Le acque, poco prima brune si tingevano di riflessi madreperlacei, mentre verso levante assumevano delle tinte rosee mescolate a pagliuzze dorate.

Gli abitanti delle rive si svegliavano rompendo dovunque il silenzio. Le scimmie rosse gonfiavano il loro gozzo emettendo le loro potenti grida ed i loro muggiti formidabili che si odono, senza difficoltà, a cinque miglia di distanza; i macachi, scimmie voraci ed agilissime, lanciavano le loro chiamate acute e s’agitavano sulle più alte cime degli alberi, cercando avidamente i nidi delle mosche-cartone per divorare i terribili insetti.
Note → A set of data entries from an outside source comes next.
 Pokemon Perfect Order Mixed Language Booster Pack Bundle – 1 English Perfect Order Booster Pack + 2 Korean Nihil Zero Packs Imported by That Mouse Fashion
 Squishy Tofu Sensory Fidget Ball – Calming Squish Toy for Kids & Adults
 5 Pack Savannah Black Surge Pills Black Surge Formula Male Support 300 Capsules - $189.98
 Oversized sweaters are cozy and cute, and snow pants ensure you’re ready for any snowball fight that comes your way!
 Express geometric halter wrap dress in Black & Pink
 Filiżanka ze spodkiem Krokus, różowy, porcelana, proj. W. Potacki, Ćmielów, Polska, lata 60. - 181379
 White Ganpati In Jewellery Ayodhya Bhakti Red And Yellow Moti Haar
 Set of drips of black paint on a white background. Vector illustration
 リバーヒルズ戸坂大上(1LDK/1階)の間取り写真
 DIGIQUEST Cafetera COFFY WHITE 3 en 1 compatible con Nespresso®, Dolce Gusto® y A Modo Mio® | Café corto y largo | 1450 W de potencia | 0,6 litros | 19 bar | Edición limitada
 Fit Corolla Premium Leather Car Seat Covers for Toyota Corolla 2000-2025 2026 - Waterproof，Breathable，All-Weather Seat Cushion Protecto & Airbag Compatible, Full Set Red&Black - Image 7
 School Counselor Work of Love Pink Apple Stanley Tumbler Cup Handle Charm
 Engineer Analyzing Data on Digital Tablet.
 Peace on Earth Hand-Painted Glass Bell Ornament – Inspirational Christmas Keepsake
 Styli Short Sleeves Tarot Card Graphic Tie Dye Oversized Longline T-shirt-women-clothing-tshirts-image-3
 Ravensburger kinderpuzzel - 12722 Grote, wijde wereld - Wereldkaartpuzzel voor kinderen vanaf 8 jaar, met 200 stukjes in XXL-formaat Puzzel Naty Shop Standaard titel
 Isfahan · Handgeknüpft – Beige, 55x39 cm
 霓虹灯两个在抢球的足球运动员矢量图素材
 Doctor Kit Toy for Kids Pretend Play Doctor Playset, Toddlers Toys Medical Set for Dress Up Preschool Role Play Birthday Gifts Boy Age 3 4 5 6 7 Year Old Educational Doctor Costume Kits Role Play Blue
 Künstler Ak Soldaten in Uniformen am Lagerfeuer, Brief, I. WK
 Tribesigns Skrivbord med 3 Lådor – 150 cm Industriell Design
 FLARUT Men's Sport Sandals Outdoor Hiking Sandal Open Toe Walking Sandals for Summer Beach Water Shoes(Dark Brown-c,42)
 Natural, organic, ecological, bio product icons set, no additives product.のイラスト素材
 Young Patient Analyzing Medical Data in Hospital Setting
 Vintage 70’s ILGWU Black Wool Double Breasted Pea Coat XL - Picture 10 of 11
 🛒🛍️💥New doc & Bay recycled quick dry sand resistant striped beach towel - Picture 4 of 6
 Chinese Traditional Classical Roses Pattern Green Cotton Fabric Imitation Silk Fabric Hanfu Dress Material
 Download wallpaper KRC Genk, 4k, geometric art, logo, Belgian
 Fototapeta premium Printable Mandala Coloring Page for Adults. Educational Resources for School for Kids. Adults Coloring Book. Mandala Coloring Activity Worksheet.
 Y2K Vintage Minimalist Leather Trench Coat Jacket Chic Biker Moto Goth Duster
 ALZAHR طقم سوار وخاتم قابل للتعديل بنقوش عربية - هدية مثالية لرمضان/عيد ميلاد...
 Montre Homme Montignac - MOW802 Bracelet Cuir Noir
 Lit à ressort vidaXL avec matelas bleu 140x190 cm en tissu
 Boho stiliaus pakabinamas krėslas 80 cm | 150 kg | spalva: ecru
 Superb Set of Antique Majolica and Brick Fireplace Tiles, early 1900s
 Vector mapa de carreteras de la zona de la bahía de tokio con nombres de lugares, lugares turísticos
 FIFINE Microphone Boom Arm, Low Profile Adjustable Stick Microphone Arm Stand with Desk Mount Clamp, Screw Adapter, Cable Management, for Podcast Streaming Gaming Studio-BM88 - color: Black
Sulla cima delle palme, i tucani dal becco grosso quasi quanto l’intero loro corpo, emettevano le loro grida bizzarre, dure e sgradevoli come lo stridere d’una ruota male unta; i pappagalli cicalavano svolazzando, mostrando le loro penne cremisine o gialle od azzurre; i bentivì, appollaiati all’estremità delle grandi foglie delle bananeire, salutavano la comparsa del sole emettendo il loro ben ti vi e l’Onorato nascosto in mezzo ai rami più fitti, gettava sul fiume le sue note musicali do... mi... sol... do.